Dal marzo del 2014 al marzo del 2016, il debito pubblico dell’Italia è aumentato, quello dei Comuni è diminuito. E’ chiaro che i sindaci hanno fatto i compiti a casa, altri no. Lo Stato, che si è dimostrato rigoroso oltre che esoso con i territori, è apparso invece poco propenso ad autoriformarsi a livello centrale.
Torniamo a Renzi e alla campagna referendaria. Non le sembra che il presidente del consiglio sia sempre più in difficoltà?

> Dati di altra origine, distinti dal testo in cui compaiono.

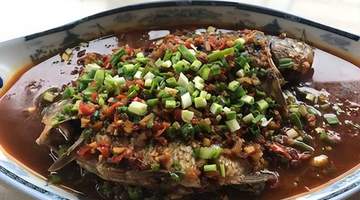 广丰豌豆烧鲫鱼:饶帮菜中的鲜香经典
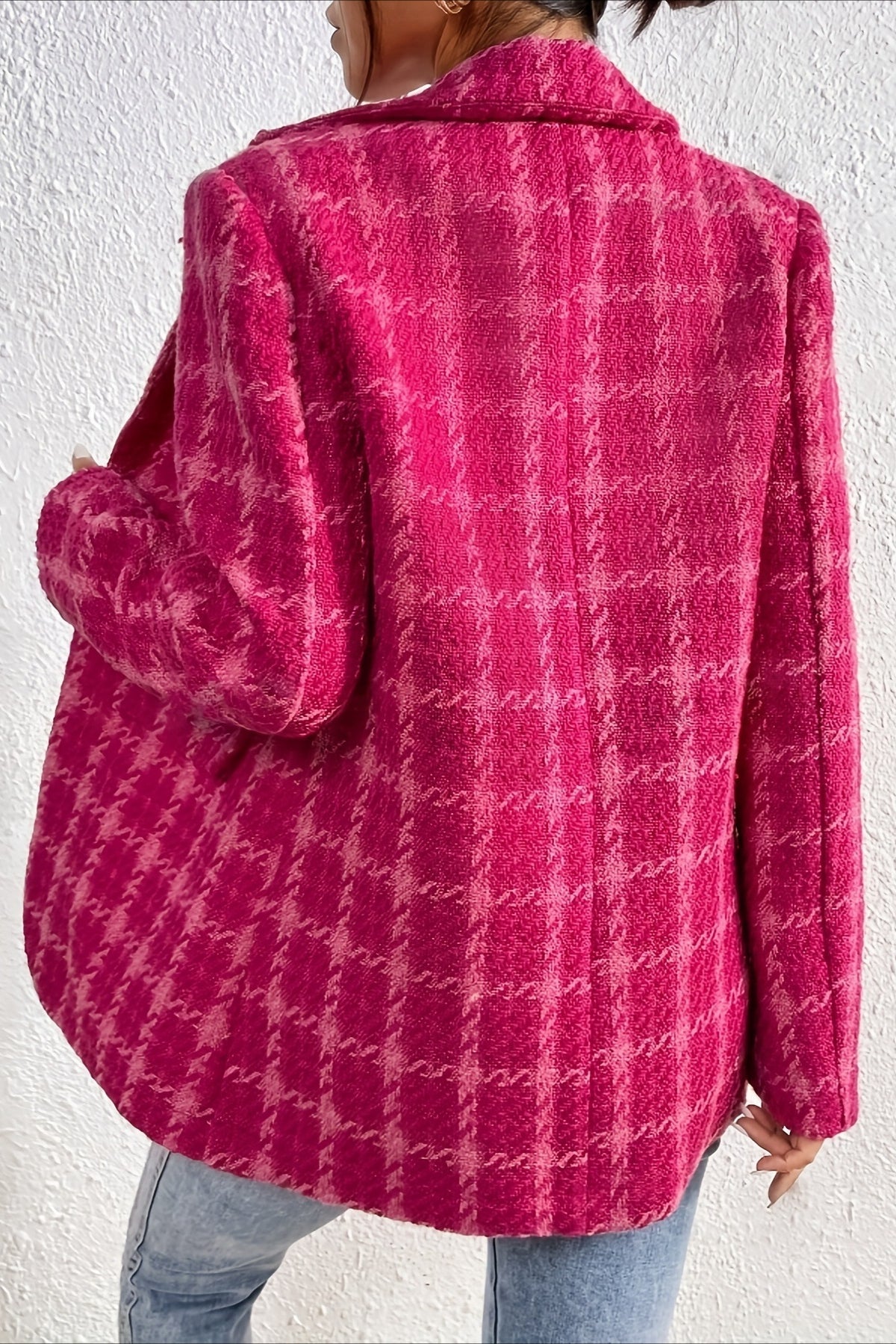 Elegant Red Tartan Blazer for a Chic and Sophisticated Style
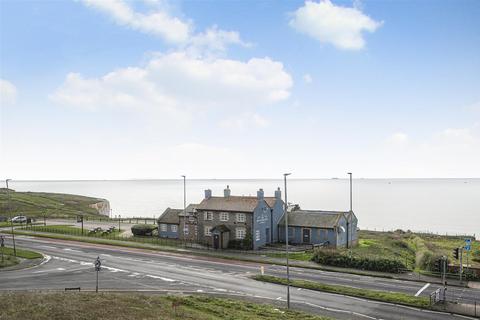 Gorham Way, Telscombe Cliffs, Peacehaven 1 bed flat for sale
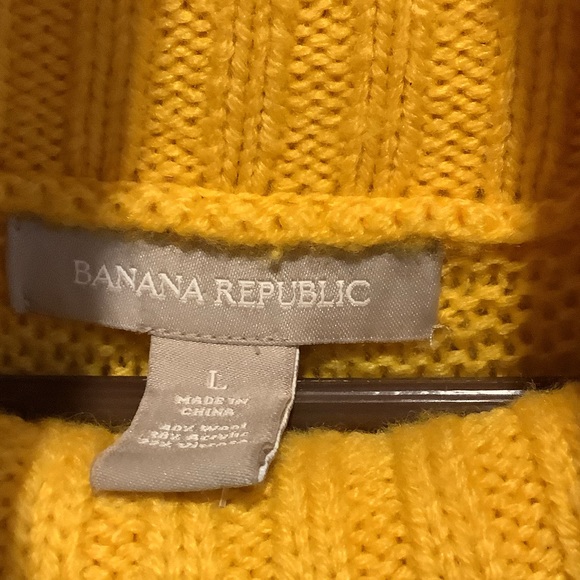 Banana Republic Yellow Cowl Neck Sweater - Picture 3 of 10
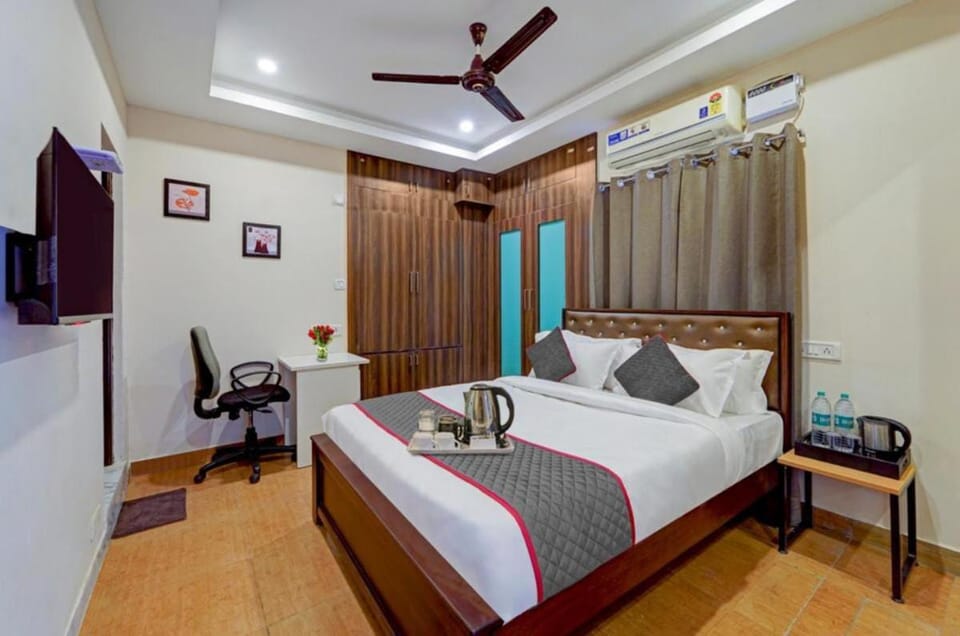 Redfox Hotel - Near US Biometric Vacation rental in Chennai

Se dovessi usare il gergo del ciclismo, direi che Renzi ha messo il “rapportone” per affrontare la scalata del Pordoi, ma poi si è accorto che i risultati non arrivavano e al momento sembra aver perso lucidità politica. E’ un Renzi diverso da quello che conoscevamo, un leader che non convince più gli italiani. Il premier scontava già il vizio di origine di non essere stato eletto, ora perde anche il feeling che aveva dimostrato di avere con il popolo italiano.
Cosa non ha funzionato?
Renzi aveva suscitato delle attese anche nei sindaci che non la pensavano come lui. Ricordo il Congresso dell’ANCI di Brindisi, quando Renzi lancia Delrio e apre una spaccatura nel partito democratico, tra il nuovo Pd carico di promesse riformatrici e la “Ditta” bersaniana che all’epoca scommetteva su Emiliano. Ebbene, il “Sindaco d’Italia”, cioè l’idea di introdurre a livello nazionale quel metodo pragmatico che abbiamo noi amministratori di risolvere le cose sui territori, all’epoca aveva suscitato grande interesse e curiosità. Peccato che in seguito Renzi abbia fatto esattamente il contrario di quello che aveva promesso.
Si può dire che, comunque vada a finire il referendum costituzionale, Matteo Renzi si lascia dietro un Paese più diviso?
Sì. L’Italia paga un prezzo troppo alto, politico e sociale, a causa della mutevolezza di interpretazioni impressa da Renzi alla campagna referendaria. Il premier ha diviso il Paese. Qualche sindaco potrà anche seguirlo sotto la bandiera del Sì ma tutti, dico tutti gli amministratori locali, chiedono maggiori risorse e che si torni a dare il giusto peso alle autonomie locali.